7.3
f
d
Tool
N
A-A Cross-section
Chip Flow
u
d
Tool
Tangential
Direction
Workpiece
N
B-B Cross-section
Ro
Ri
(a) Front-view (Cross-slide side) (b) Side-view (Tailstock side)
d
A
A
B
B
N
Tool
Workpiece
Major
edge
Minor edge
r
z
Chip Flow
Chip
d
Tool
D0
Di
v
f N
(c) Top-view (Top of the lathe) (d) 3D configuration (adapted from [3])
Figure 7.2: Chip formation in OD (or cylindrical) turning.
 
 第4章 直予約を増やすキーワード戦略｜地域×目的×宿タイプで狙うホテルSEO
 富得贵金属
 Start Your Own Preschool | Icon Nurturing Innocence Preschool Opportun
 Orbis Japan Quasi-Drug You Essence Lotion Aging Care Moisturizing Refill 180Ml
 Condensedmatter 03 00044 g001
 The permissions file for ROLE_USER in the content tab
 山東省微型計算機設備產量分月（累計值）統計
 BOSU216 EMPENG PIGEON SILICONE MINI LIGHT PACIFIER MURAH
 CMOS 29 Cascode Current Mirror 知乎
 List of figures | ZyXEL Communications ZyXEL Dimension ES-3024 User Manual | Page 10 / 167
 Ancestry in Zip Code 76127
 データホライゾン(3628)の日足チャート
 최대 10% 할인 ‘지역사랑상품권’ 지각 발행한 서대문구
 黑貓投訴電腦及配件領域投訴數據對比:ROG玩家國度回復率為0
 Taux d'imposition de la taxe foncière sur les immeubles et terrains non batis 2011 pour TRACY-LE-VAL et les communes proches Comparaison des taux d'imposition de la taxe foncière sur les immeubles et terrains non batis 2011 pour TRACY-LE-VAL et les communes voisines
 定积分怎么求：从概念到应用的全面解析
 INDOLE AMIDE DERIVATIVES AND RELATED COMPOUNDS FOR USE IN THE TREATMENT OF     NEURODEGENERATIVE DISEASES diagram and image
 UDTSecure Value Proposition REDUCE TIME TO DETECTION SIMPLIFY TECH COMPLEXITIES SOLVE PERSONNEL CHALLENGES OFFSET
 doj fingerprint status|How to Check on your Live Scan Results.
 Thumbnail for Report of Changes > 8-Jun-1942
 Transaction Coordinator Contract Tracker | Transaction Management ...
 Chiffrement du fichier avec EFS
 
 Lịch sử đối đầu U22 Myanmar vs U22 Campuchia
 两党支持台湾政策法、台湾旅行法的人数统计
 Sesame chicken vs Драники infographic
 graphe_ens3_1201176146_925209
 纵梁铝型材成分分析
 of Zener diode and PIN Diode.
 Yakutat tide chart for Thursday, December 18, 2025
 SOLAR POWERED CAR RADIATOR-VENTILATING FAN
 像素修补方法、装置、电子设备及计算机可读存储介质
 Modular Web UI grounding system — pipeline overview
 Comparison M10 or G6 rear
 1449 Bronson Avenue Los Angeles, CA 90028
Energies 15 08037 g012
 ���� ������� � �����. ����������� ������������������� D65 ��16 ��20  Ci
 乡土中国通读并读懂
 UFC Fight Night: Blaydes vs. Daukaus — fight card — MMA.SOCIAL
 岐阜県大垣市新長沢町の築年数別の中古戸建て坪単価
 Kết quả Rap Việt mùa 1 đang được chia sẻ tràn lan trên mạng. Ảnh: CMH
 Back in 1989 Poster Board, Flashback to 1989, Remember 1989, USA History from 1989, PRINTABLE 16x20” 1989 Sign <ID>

○ ○ ○

**AIM OF THE EXERCISE**
Repeat the data word for word. Leave nothing out.

**RESULT**
7.3
f
d
Tool
N
A-A Cross-section
Chip Flow
u
d
Tool
Tangential
Direction
Workpiece
N
B-B Cross-section
Ro
Ri
(a) Front-view (Cross-slide side) (b) Side-view (Tailstock side)
d
A
A
B
B
N
Tool
Workpiece
Major
edge
Minor edge
r
z
Chip Flow
Chip
d
Tool
D0
Di
v
f N
(c) Top-view (Top of the lathe) (d) 3D configuration (adapted from [3])
Figure 7.2: Chip formation in OD (or cylindrical) turning.
 
 第4章 直予約を増やすキーワード戦略｜地域×目的×宿タイプで狙うホテルSEO
 富得贵金属
 Start Your Own Preschool | Icon Nurturing Innocence Preschool Opportun
 Orbis Japan Quasi-Drug You Essence Lotion Aging Care Moisturizing Refill 180Ml
 Condensedmatter 03 00044 g001
 The permissions file for ROLE_USER in the content tab
 山東省微型計算機設備產量分月（累計值）統計
 BOSU216 EMPENG PIGEON SILICONE MINI LIGHT PACIFIER MURAH
 CMOS 29 Cascode Current Mirror 知乎
 List of figures | ZyXEL Communications ZyXEL Dimension ES-3024 User Manual | Page 10 / 167
 Ancestry in Zip Code 76127
 データホライゾン(3628)の日足チャート
 최대 10% 할인 ‘지역사랑상품권’ 지각 발행한 서대문구
 黑貓投訴電腦及配件領域投訴數據對比:ROG玩家國度回復率為0
 Taux d'imposition de la taxe foncière sur les immeubles et terrains non batis 2011 pour TRACY-LE-VAL et les communes proches Comparaison des taux d'imposition de la taxe foncière sur les immeubles et terrains non batis 2011 pour TRACY-LE-VAL et les communes voisines
 定积分怎么求：从概念到应用的全面解析
 INDOLE AMIDE DERIVATIVES AND RELATED COMPOUNDS FOR USE IN THE TREATMENT OF     NEURODEGENERATIVE DISEASES diagram and image
 UDTSecure Value Proposition REDUCE TIME TO DETECTION SIMPLIFY TECH COMPLEXITIES SOLVE PERSONNEL CHALLENGES OFFSET
 doj fingerprint status|How to Check on your Live Scan Results.
 Thumbnail for Report of Changes > 8-Jun-1942
 Transaction Coordinator Contract Tracker | Transaction Management ...
 Chiffrement du fichier avec EFS
 
 Lịch sử đối đầu U22 Myanmar vs U22 Campuchia
 两党支持台湾政策法、台湾旅行法的人数统计
 Sesame chicken vs Драники infographic
 graphe_ens3_1201176146_925209
 纵梁铝型材成分分析
 of Zener diode and PIN Diode.
 Yakutat tide chart for Thursday, December 18, 2025
 SOLAR POWERED CAR RADIATOR-VENTILATING FAN
 像素修补方法、装置、电子设备及计算机可读存储介质
 Modular Web UI grounding system — pipeline overview
 Comparison M10 or G6 rear
 1449 Bronson Avenue Los Angeles, CA 90028
Energies 15 08037 g012
 ���� ������� � �����. ����������� ������������������� D65 ��16 ��20  Ci
 乡土中国通读并读懂
 UFC Fight Night: Blaydes vs. Daukaus — fight card — MMA.SOCIAL
 岐阜県大垣市新長沢町の築年数別の中古戸建て坪単価
 Kết quả Rap Việt mùa 1 đang được chia sẻ tràn lan trên mạng. Ảnh: CMH
 Back in 1989 Poster Board, Flashback to 1989, Remember 1989, USA History from 1989, PRINTABLE 16x20” 1989 Sign <ID>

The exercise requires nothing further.